Algo similar ocurre en el cuento de Oates, donde Frost, al principio un viejito encantador, sexualmente agresivo y rural, trata de marear a esta joven y rubia poeta, que termina dándolo vuelta como una media. Basado en investigaciones históricas, el cuento presenta a Frost como un defensor liberal de los derechos de las mayorías blancas, racista y violento, que llevó a su hijo al suicidio, mató a su mujer a fuerza de disgustos y enloqueció a sus dos hijas. ¿De qué habla el cuento? Probablemente de que cualquier escritor, cualquier persona, sin ir más lejos, tiene un monstruo debajo de su cascarita superficial. Probablemente de la distancia entre la imagen pública y la privada. Probablemente del verdadero origen traumático y fangoso de toda obra literaria. Probablemente de la (mala) manera en que los escritores envejecen, así como envejecen las estrellas de rock —nadie se salvó de eso, excepto, quizá, David Bowie.
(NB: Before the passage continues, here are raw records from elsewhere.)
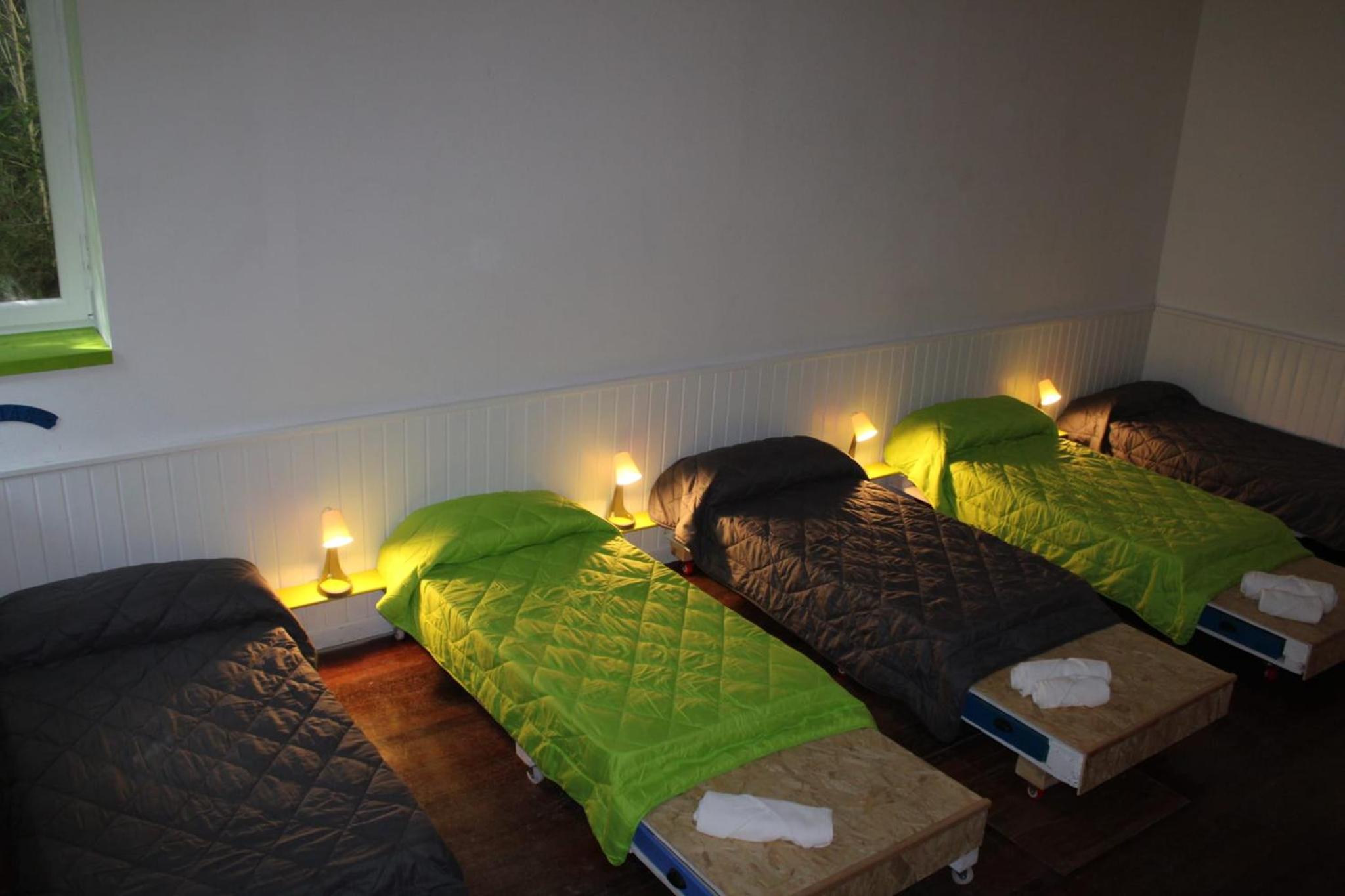 Habitación familiar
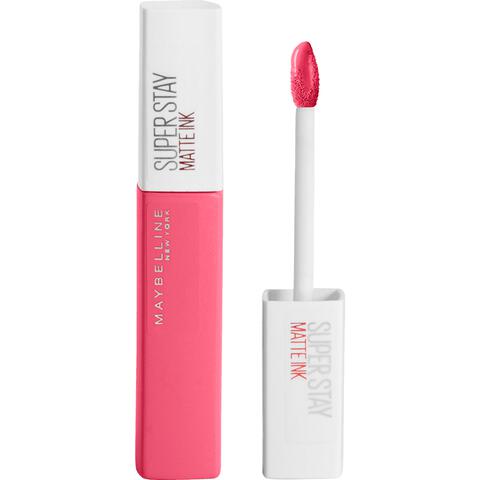Maybelline New York Superstay Matte Ink Lippenstift 125 Inspirer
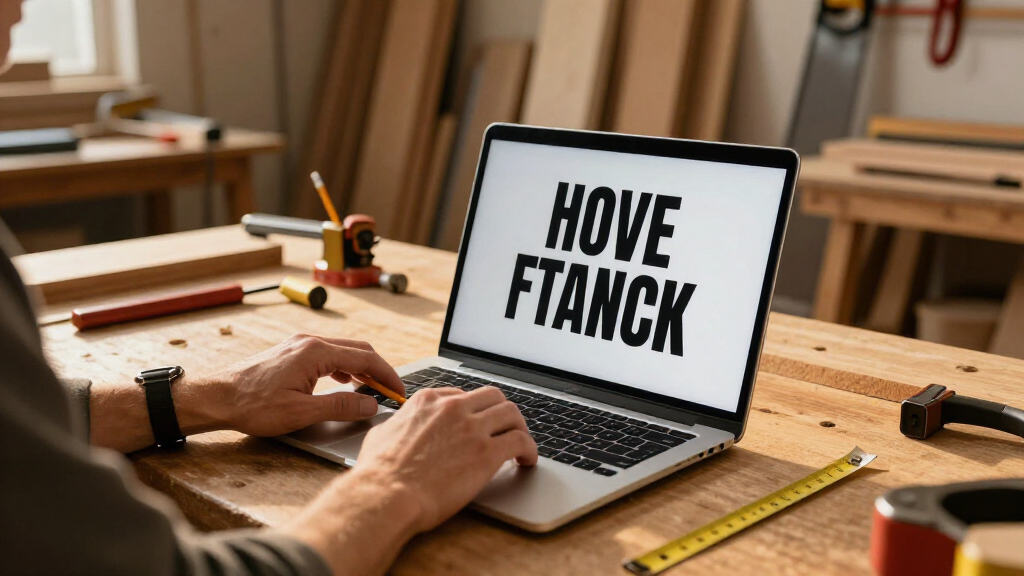 The Hardest Working Font In Manhattan (2025)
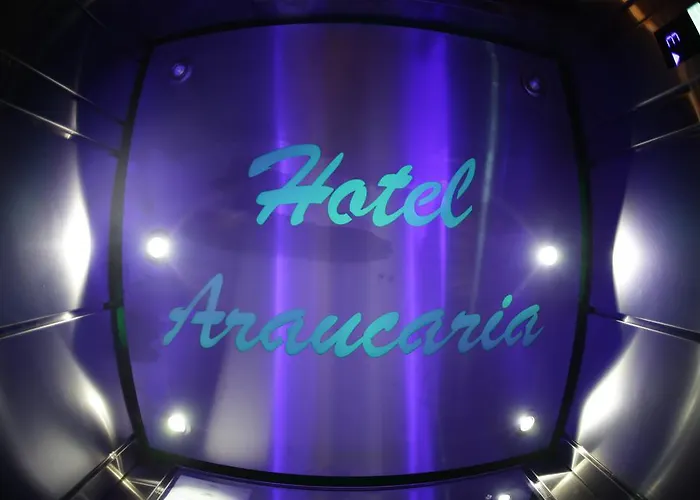 Hotel Araucaria Antalya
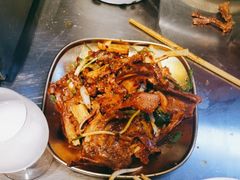 -大头叔烤鸡爪·朝鲜族烤串(天池路店)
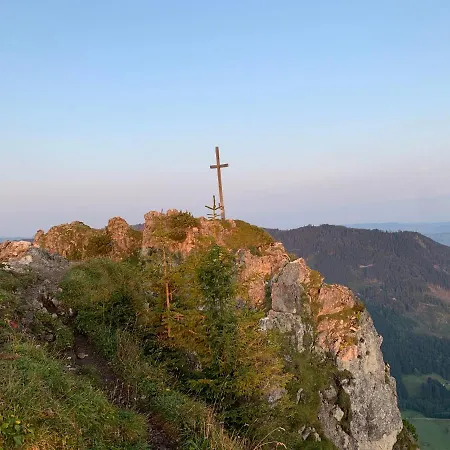 Herzlappartment Allgaeu شقة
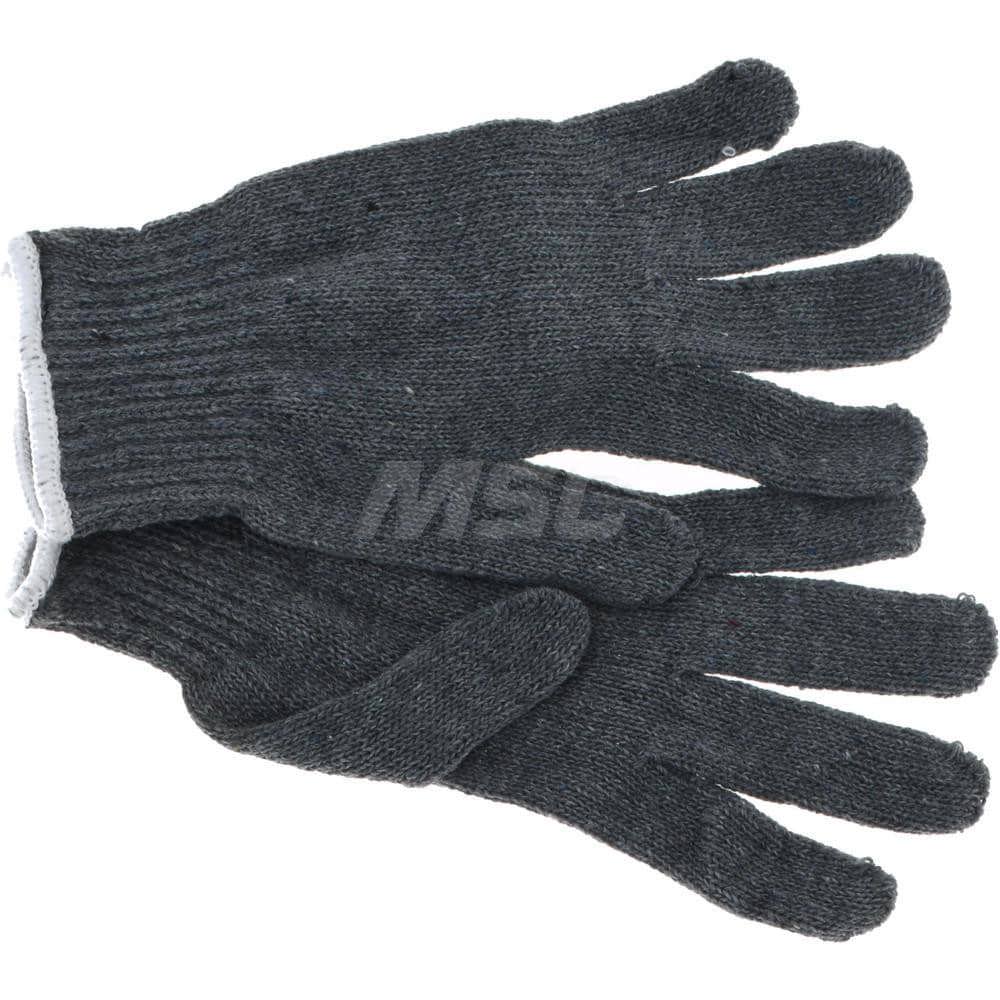 Work Gloves: PRO-SAFE Size Large, Not Lined, Cotton & Polyester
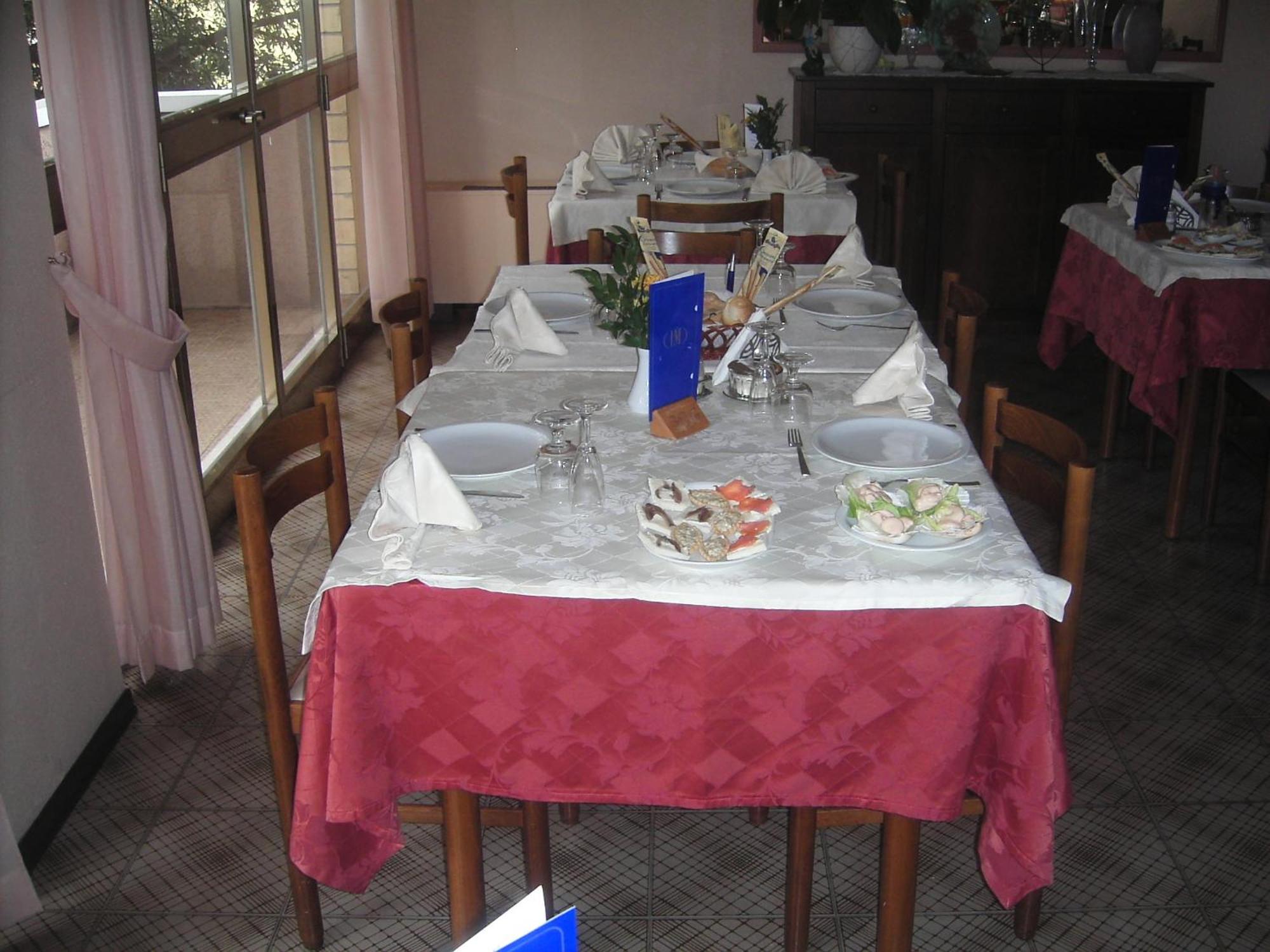 Hotel Marselli Rimini Eksteriør bilde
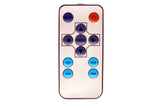 7" Quad High Definition Screen with DVR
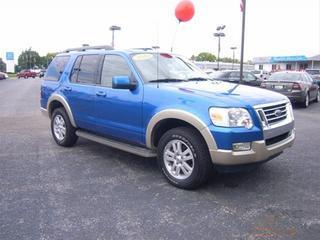 Ford Explorer 2010 photo 5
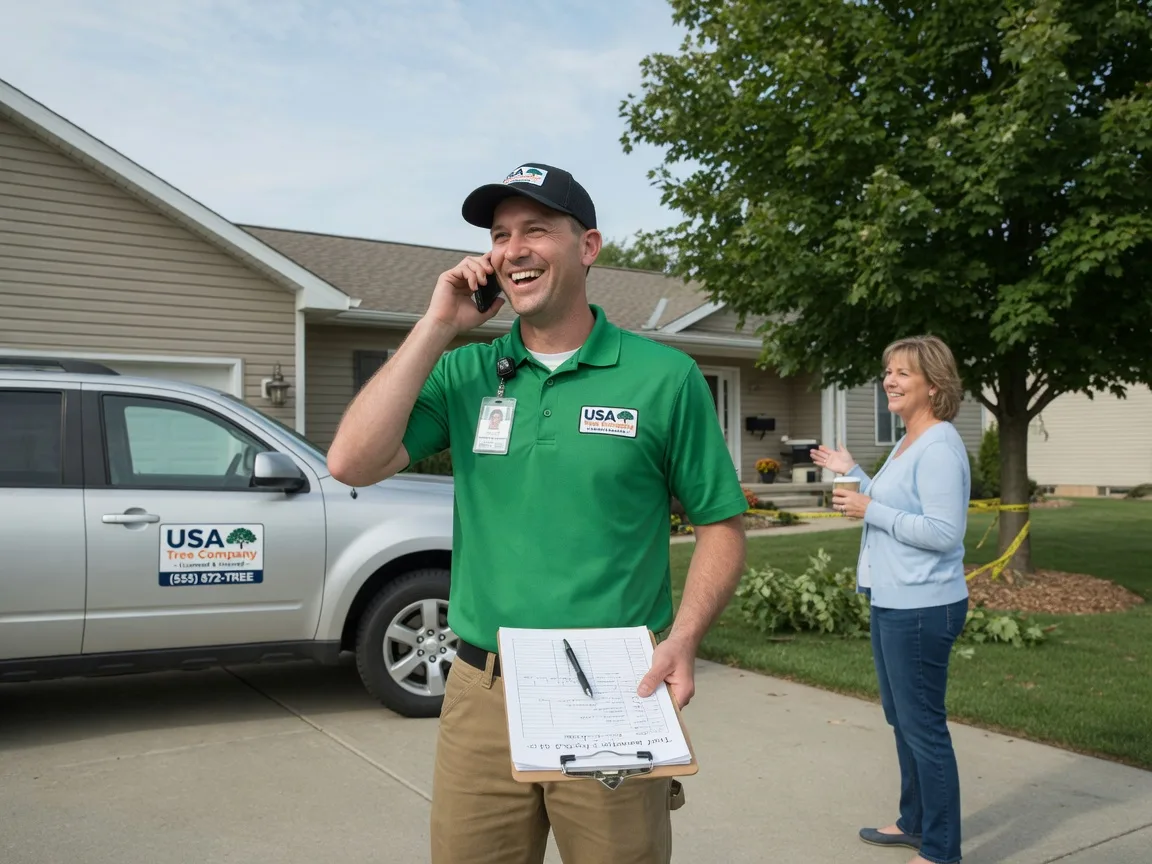 Tree Care Straughn, IN FAQs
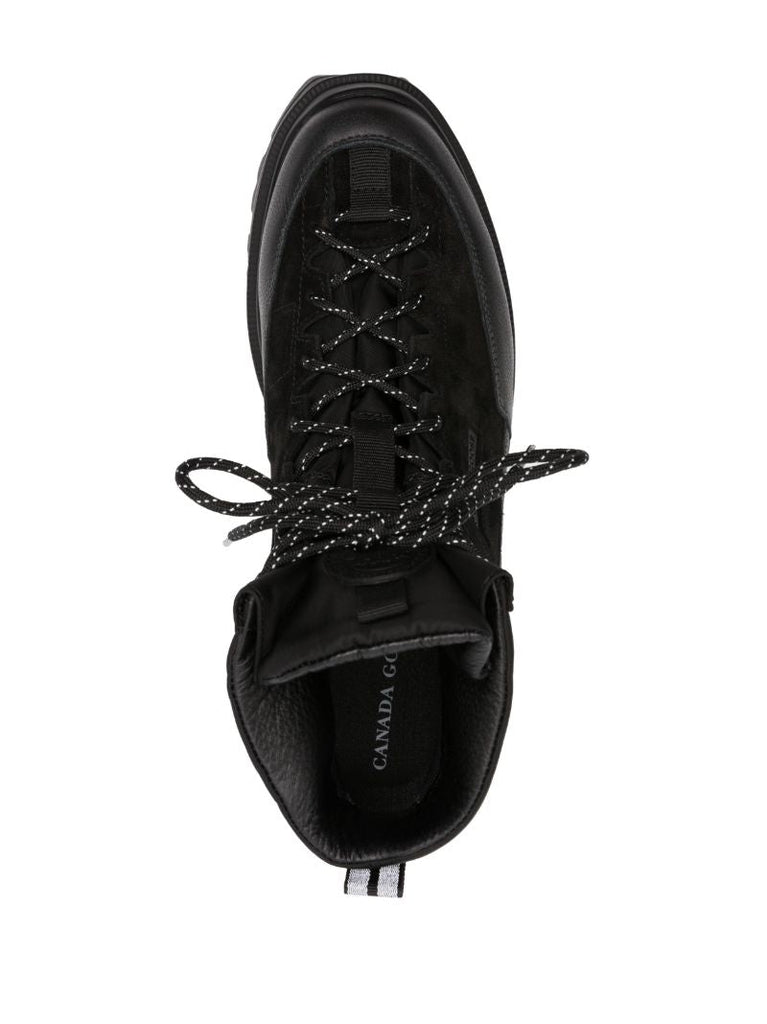 Black Journey Hiking Boots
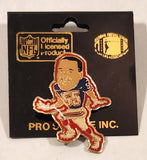 1990 PSI Pro Source Inc. NFL #55 Chris Singleton New England Patriots Metal Lapel Pin 1 of 5000 New on Card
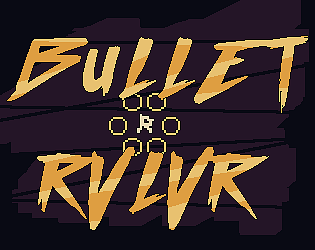 Bullet Revolver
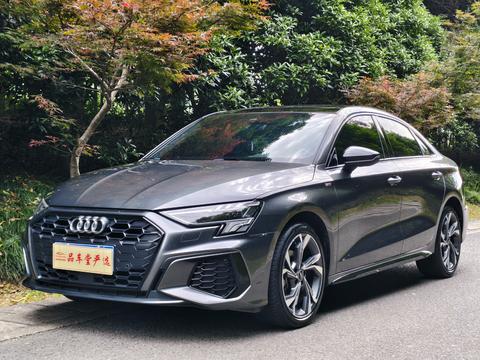 Audi A3 2024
En la cola de la verdulería, veo la foto de Vargas Llosa en la tapa de la revista Caras. Me vuelvo a mirarla, no lo puedo creer, me tiemblan un poco las piernas. El escritor monstruoso de La Tía Julia y el escribidor —otro libro sobre escritores—, de La ciudad y los perros, de Los cachorros, de Conversación en la Catedral, parado ahí, al lado de su flamante novia, Isabel Preysler, una empresaria cosmética que enviudó hace unos meses. Después me entero que Carmen Balcells, que fe la agente del peruano liberal, le había conseguido un par de tapas en la revista ¡Hola! para promocionar su nueva novela, cuyas ventas no son, definitivamente, las esperadas.
A lo mejor las revistas de chimentos son la última esperanza de que los escritores ocupen el lugar que tuvieron hace siglos. A lo mejor es pura pavada frívola.